> Work item
A word-for-word copy of every entry below is required; the images do not belong in it.

> Provided data
§

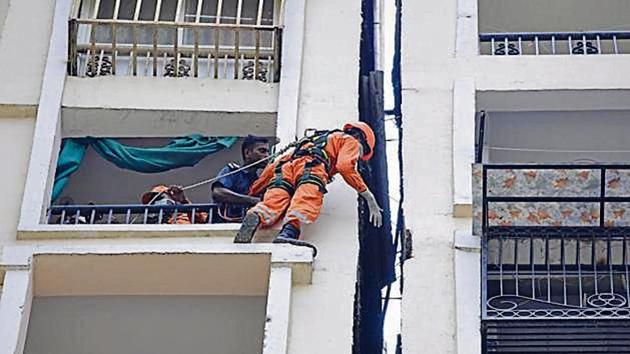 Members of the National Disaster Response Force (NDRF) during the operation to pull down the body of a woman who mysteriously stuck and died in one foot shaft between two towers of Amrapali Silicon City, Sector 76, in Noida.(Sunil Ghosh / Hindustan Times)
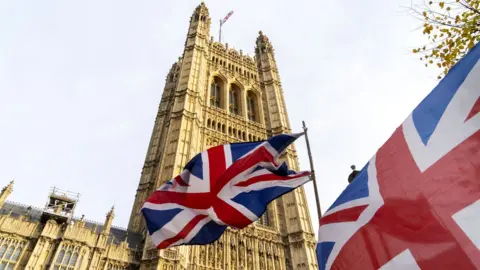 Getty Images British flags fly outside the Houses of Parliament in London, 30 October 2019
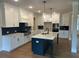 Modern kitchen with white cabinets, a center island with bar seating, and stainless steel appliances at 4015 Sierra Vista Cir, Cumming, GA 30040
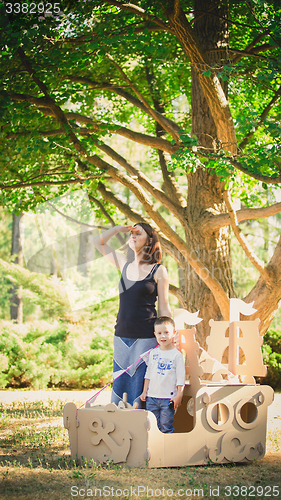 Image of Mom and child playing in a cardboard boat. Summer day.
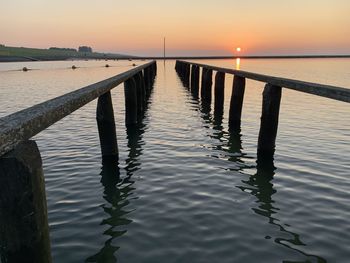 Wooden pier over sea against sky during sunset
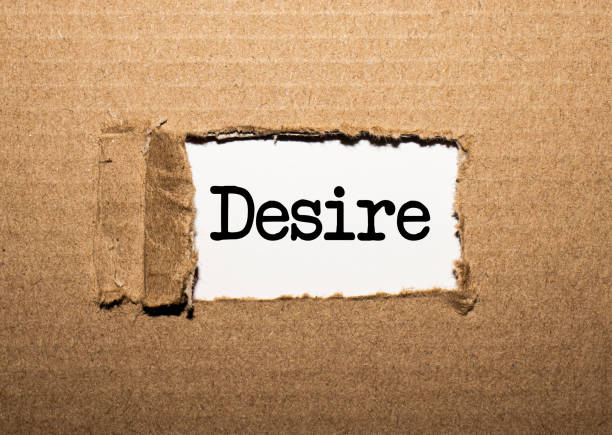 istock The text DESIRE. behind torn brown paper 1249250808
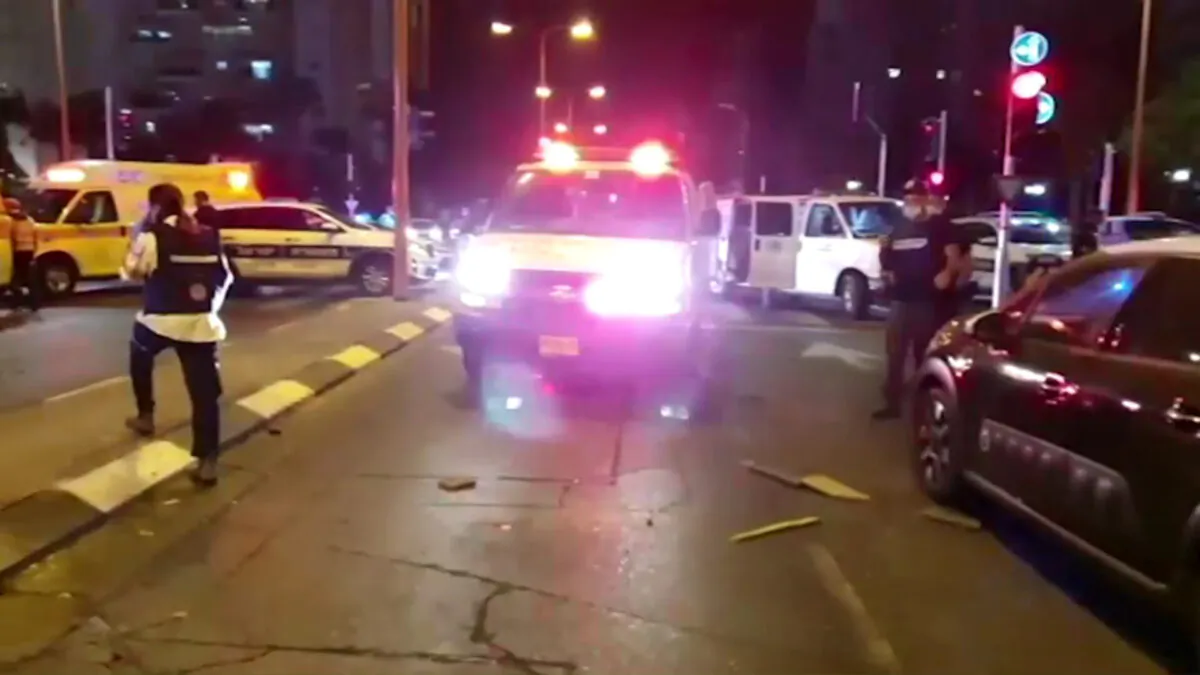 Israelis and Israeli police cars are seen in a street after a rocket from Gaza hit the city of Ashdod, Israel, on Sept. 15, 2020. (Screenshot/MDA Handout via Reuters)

§

> Task solution
 Members of the National Disaster Response Force (NDRF) during the operation to pull down the body of a woman who mysteriously stuck and died in one foot shaft between two towers of Amrapali Silicon City, Sector 76, in Noida.(Sunil Ghosh / Hindustan Times)
 Getty Images British flags fly outside the Houses of Parliament in London, 30 October 2019
 Modern kitchen with white cabinets, a center island with bar seating, and stainless steel appliances at 4015 Sierra Vista Cir, Cumming, GA 30040
 Image of Mom and child playing in a cardboard boat. Summer day.
 Wooden pier over sea against sky during sunset
 istock The text DESIRE. behind torn brown paper 1249250808
 Israelis and Israeli police cars are seen in a street after a rocket from Gaza hit the city of Ashdod, Israel, on Sept. 15, 2020. (Screenshot/MDA Handout via Reuters)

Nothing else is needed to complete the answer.